> What you are asked to do
Pictures in the entries below are excluded; copy only the lines from the one containing "Einhell Bit-Set, 40-St., L-CASE" to the one containing "View at the top point of this hike", both included.

:::

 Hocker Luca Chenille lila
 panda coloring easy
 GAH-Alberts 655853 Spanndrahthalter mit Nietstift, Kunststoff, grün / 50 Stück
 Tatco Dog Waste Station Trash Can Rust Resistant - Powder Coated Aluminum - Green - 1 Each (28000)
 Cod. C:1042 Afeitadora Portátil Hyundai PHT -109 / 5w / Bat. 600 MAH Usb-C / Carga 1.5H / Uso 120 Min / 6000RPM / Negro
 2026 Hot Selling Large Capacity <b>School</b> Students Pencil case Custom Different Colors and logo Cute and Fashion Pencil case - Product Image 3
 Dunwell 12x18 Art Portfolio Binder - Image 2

:::

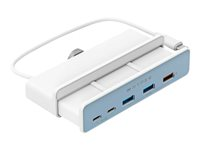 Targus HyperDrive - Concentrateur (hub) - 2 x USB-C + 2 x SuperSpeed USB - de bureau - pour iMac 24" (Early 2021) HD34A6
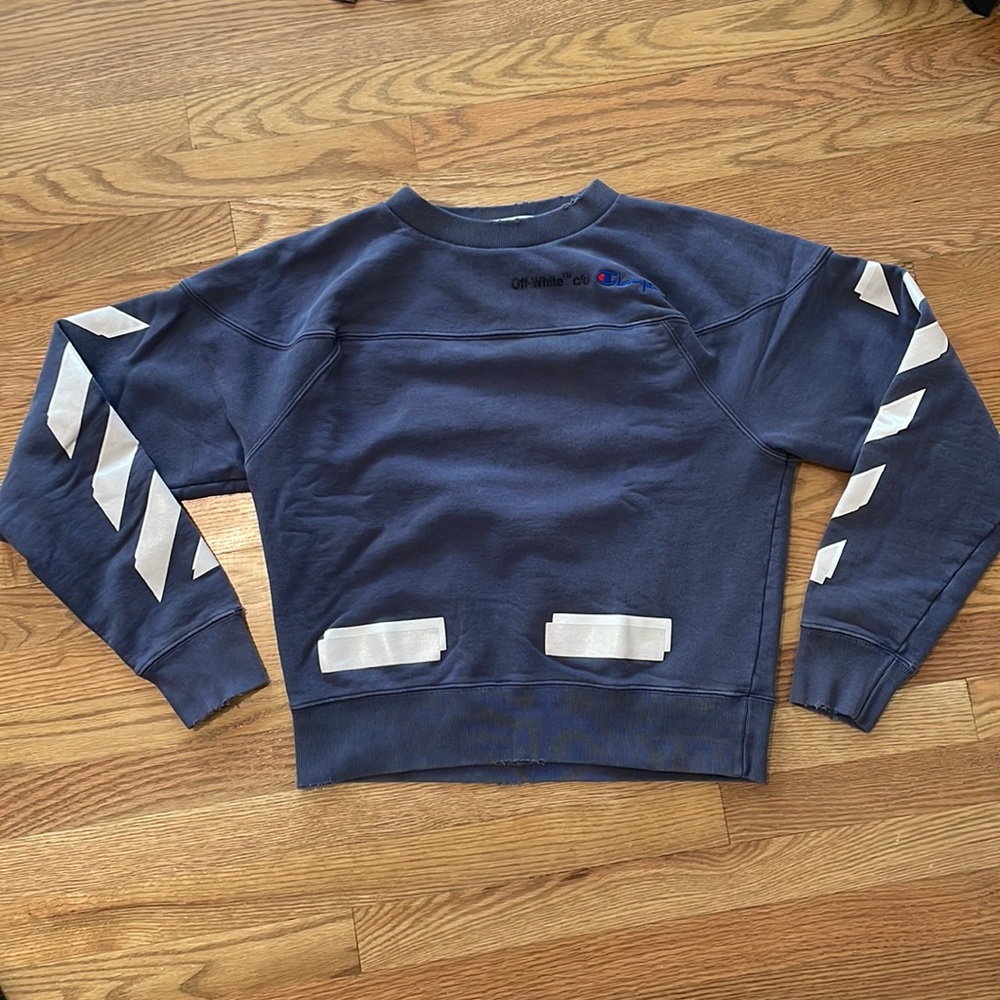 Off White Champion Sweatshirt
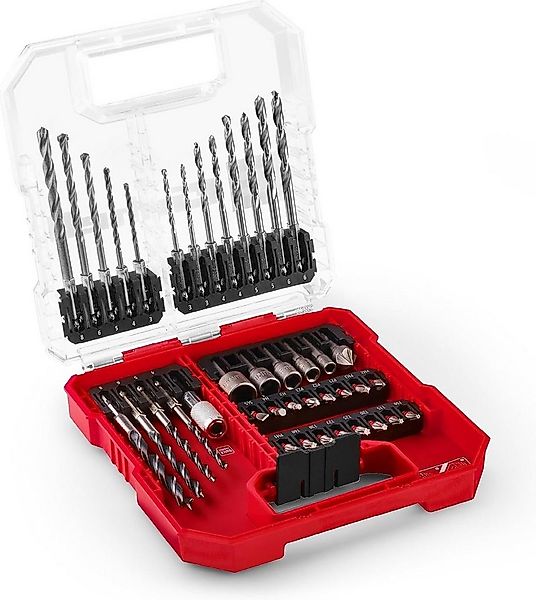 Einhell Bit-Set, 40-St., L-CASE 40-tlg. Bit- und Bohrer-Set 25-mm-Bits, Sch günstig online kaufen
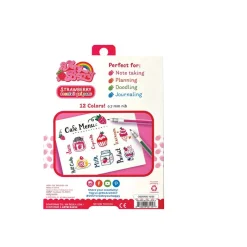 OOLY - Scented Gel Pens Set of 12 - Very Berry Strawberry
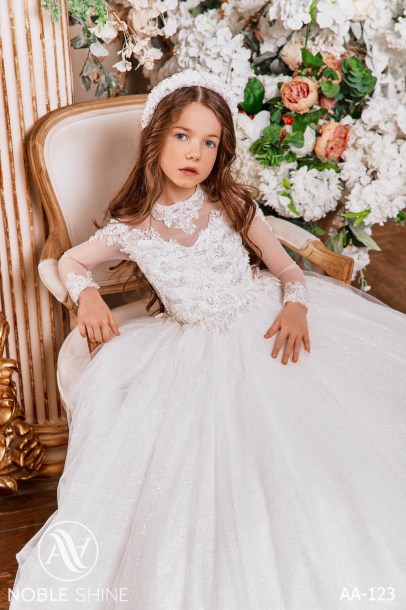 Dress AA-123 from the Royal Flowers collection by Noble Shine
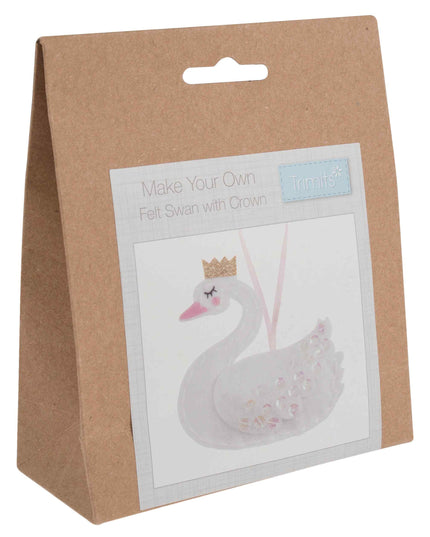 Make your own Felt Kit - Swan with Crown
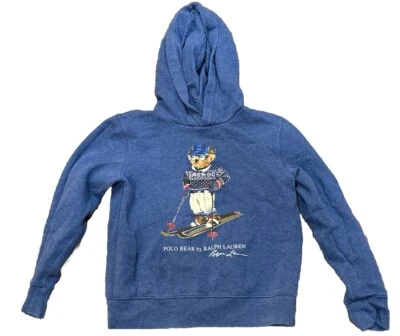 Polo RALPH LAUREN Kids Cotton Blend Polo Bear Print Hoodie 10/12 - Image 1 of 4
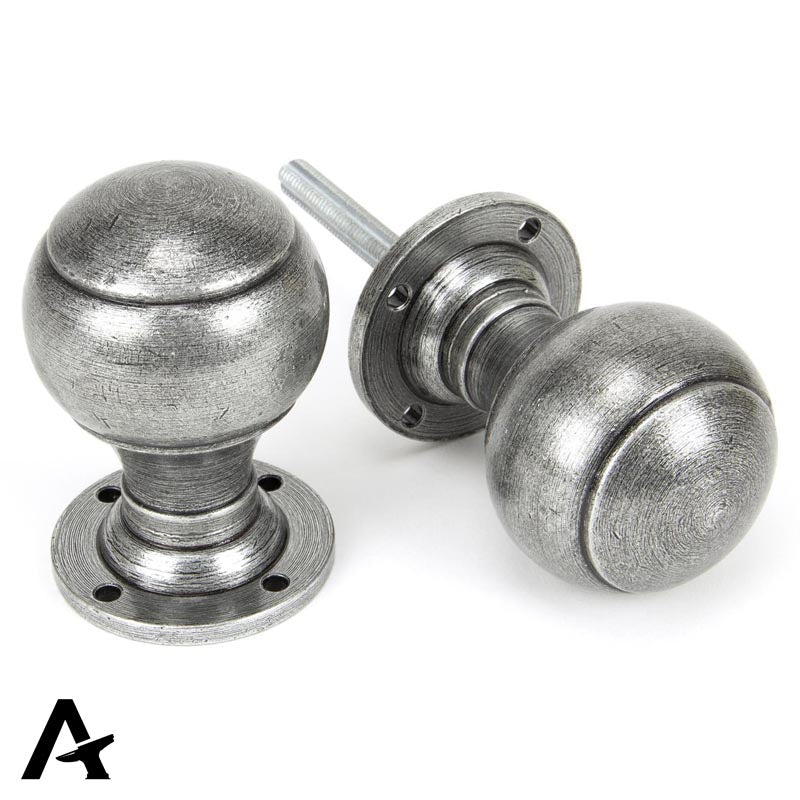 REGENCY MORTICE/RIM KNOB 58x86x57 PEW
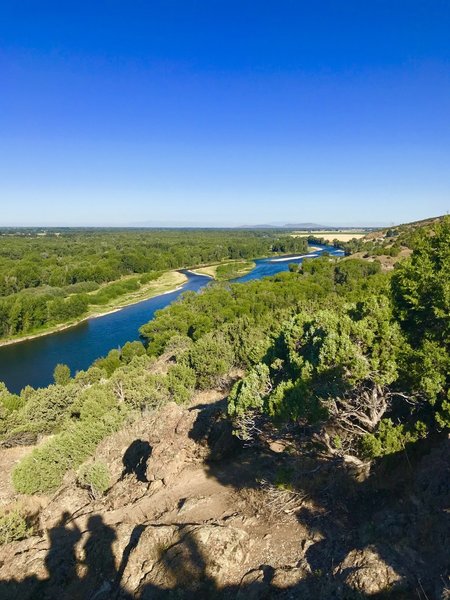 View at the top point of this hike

:::

> Reply to the task
 Einhell Bit-Set, 40-St., L-CASE 40-tlg. Bit- und Bohrer-Set 25-mm-Bits, Sch günstig online kaufen
 OOLY - Scented Gel Pens Set of 12 - Very Berry Strawberry
 Dress AA-123 from the Royal Flowers collection by Noble Shine
 Make your own Felt Kit - Swan with Crown
 Polo RALPH LAUREN Kids Cotton Blend Polo Bear Print Hoodie 10/12 - Image 1 of 4
 REGENCY MORTICE/RIM KNOB 58x86x57 PEW
 View at the top point of this hike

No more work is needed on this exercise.